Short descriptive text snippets
==========

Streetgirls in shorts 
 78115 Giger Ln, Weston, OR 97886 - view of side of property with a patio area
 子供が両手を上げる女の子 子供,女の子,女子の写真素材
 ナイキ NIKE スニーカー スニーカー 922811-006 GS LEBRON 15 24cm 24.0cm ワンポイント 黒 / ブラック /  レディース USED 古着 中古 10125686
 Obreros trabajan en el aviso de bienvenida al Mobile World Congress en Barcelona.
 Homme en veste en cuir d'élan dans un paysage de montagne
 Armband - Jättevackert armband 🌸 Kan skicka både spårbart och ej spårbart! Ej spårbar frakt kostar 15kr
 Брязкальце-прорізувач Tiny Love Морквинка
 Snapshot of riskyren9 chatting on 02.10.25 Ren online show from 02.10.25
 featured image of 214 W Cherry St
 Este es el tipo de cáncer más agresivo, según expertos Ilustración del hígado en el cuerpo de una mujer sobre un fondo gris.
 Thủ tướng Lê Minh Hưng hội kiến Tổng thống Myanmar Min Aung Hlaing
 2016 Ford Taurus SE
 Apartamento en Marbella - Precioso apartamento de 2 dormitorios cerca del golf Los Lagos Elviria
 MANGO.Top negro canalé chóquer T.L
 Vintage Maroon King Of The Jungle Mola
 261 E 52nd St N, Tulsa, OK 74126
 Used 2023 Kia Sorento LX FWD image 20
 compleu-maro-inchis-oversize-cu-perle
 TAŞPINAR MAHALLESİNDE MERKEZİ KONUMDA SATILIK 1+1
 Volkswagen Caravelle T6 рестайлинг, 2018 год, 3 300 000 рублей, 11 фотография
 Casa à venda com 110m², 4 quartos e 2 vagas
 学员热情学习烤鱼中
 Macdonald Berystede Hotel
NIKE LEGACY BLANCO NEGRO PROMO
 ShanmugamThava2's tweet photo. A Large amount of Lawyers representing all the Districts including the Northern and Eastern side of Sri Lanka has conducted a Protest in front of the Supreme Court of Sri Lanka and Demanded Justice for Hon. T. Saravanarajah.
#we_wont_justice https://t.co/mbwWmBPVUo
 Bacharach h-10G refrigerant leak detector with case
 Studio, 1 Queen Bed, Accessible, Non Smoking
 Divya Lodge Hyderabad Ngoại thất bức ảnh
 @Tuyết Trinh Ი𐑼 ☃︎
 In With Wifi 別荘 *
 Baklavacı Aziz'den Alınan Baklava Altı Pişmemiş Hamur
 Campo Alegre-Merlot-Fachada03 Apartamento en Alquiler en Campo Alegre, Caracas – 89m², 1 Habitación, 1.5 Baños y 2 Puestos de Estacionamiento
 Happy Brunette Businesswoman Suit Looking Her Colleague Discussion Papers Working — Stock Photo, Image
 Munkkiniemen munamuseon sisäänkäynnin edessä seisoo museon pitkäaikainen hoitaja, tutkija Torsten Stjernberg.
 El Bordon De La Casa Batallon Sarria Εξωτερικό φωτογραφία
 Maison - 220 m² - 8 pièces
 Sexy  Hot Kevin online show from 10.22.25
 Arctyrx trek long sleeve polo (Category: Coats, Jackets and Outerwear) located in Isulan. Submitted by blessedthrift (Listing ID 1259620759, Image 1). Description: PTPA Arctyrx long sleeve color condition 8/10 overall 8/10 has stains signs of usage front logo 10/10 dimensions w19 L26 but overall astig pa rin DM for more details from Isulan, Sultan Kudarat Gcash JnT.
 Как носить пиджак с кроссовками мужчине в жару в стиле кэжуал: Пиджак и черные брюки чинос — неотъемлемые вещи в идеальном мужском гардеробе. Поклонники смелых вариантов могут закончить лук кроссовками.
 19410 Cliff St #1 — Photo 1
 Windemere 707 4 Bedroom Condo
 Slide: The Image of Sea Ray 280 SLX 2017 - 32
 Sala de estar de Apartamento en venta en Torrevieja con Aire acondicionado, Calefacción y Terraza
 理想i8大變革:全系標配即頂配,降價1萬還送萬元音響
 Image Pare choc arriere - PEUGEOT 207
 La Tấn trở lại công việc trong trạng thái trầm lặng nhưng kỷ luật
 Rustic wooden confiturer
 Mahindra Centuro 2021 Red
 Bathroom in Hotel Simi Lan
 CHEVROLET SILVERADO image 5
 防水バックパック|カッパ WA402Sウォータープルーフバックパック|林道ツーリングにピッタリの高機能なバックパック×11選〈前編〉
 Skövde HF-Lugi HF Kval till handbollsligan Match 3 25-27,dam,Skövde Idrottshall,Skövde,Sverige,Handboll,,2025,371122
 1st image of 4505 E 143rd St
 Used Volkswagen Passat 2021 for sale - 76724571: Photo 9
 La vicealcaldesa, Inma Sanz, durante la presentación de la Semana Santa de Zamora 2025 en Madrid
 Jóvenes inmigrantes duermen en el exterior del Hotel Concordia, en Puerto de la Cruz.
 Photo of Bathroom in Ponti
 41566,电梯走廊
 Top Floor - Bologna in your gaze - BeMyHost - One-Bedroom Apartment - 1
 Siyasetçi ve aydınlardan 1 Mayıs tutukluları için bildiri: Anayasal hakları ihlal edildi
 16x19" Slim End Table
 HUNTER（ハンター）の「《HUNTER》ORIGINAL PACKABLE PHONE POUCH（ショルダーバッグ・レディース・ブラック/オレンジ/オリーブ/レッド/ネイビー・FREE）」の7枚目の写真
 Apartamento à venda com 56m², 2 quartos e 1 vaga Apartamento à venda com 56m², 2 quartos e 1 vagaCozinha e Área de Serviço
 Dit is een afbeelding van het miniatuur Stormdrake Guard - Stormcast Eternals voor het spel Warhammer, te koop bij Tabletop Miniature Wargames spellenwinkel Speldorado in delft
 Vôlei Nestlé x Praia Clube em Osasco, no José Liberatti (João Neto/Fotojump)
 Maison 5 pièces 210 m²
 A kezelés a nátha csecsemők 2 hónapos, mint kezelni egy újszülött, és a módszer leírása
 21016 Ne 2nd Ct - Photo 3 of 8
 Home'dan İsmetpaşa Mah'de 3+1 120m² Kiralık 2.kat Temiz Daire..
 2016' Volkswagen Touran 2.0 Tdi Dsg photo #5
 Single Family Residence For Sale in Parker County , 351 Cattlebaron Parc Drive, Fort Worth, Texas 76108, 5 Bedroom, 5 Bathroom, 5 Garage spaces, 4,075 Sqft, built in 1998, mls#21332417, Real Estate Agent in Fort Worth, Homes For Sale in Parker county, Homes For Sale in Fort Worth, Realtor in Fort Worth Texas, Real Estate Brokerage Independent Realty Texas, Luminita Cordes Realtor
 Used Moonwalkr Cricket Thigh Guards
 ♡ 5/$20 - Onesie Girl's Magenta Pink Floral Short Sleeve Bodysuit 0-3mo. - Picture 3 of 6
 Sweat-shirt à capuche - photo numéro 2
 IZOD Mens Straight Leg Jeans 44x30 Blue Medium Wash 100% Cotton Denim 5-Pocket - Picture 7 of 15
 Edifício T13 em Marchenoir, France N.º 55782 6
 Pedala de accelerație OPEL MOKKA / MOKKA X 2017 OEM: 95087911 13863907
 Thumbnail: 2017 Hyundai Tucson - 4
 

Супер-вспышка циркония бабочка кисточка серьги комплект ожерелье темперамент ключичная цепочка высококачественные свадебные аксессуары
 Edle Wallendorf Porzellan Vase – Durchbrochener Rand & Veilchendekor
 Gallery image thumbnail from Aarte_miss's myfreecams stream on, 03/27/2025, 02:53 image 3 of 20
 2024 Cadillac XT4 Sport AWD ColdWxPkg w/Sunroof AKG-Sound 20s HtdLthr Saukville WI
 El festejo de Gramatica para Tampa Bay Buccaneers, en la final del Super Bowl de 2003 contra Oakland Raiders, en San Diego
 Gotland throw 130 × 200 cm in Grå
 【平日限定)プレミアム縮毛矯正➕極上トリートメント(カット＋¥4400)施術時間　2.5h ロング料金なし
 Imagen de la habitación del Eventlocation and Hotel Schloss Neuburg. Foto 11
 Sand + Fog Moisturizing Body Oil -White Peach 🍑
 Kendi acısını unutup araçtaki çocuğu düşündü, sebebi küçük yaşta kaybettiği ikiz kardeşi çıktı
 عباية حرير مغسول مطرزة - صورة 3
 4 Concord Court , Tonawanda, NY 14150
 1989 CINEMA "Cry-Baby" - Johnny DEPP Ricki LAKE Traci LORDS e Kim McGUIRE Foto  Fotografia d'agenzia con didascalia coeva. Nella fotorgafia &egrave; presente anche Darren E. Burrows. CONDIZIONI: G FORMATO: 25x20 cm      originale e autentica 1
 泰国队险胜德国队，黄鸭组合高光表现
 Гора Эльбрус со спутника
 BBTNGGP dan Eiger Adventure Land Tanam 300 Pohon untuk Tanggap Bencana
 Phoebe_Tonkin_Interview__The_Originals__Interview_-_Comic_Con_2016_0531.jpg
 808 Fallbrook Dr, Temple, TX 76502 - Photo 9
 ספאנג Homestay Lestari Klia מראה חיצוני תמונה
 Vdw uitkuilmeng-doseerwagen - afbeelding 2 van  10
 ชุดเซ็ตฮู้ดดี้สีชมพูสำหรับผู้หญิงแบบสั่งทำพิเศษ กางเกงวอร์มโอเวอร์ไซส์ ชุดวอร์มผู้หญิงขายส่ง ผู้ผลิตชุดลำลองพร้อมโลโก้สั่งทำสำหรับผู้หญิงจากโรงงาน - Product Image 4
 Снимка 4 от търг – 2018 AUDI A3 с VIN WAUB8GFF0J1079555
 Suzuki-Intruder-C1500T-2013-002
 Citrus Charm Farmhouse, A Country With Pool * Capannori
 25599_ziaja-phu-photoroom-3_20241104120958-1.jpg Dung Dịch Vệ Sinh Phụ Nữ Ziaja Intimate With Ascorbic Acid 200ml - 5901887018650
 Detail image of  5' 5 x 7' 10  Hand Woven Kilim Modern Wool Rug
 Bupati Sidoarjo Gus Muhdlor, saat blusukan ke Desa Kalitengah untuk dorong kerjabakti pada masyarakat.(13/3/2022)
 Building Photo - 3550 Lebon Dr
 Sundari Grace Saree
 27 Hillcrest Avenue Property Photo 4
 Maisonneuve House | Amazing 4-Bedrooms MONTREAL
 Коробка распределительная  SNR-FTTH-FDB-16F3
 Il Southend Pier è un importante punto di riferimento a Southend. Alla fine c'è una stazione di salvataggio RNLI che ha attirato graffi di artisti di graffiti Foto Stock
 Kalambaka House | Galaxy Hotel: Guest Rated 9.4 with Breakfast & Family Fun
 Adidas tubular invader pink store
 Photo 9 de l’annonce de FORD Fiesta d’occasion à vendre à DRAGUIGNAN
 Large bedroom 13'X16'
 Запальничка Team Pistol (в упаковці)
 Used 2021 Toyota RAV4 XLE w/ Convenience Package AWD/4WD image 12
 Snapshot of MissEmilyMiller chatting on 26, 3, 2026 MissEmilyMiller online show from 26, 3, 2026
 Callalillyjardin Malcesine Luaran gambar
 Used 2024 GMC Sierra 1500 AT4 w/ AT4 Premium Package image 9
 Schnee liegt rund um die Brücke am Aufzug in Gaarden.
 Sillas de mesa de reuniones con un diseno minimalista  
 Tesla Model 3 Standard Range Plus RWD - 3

==========

[About this task] Beginning with the line above that contains "Apartamento en Marbella", copy each line exactly up to and including the line that contains "Happy Brunette Businesswoman", and go no further.

[Exercise result]
 Apartamento en Marbella - Precioso apartamento de 2 dormitorios cerca del golf Los Lagos Elviria
 MANGO.Top negro canalé chóquer T.L
 Vintage Maroon King Of The Jungle Mola
 261 E 52nd St N, Tulsa, OK 74126
 Used 2023 Kia Sorento LX FWD image 20
 compleu-maro-inchis-oversize-cu-perle
 TAŞPINAR MAHALLESİNDE MERKEZİ KONUMDA SATILIK 1+1
 Volkswagen Caravelle T6 рестайлинг, 2018 год, 3 300 000 рублей, 11 фотография
 Casa à venda com 110m², 4 quartos e 2 vagas
 学员热情学习烤鱼中
 Macdonald Berystede Hotel
NIKE LEGACY BLANCO NEGRO PROMO
 ShanmugamThava2's tweet photo. A Large amount of Lawyers representing all the Districts including the Northern and Eastern side of Sri Lanka has conducted a Protest in front of the Supreme Court of Sri Lanka and Demanded Justice for Hon. T. Saravanarajah.
#we_wont_justice https://t.co/mbwWmBPVUo
 Bacharach h-10G refrigerant leak detector with case
 Studio, 1 Queen Bed, Accessible, Non Smoking
 Divya Lodge Hyderabad Ngoại thất bức ảnh
 @Tuyết Trinh Ი𐑼 ☃︎
 In With Wifi 別荘 *
 Baklavacı Aziz'den Alınan Baklava Altı Pişmemiş Hamur
 Campo Alegre-Merlot-Fachada03 Apartamento en Alquiler en Campo Alegre, Caracas – 89m², 1 Habitación, 1.5 Baños y 2 Puestos de Estacionamiento
 Happy Brunette Businesswoman Suit Looking Her Colleague Discussion Papers Working — Stock Photo, Image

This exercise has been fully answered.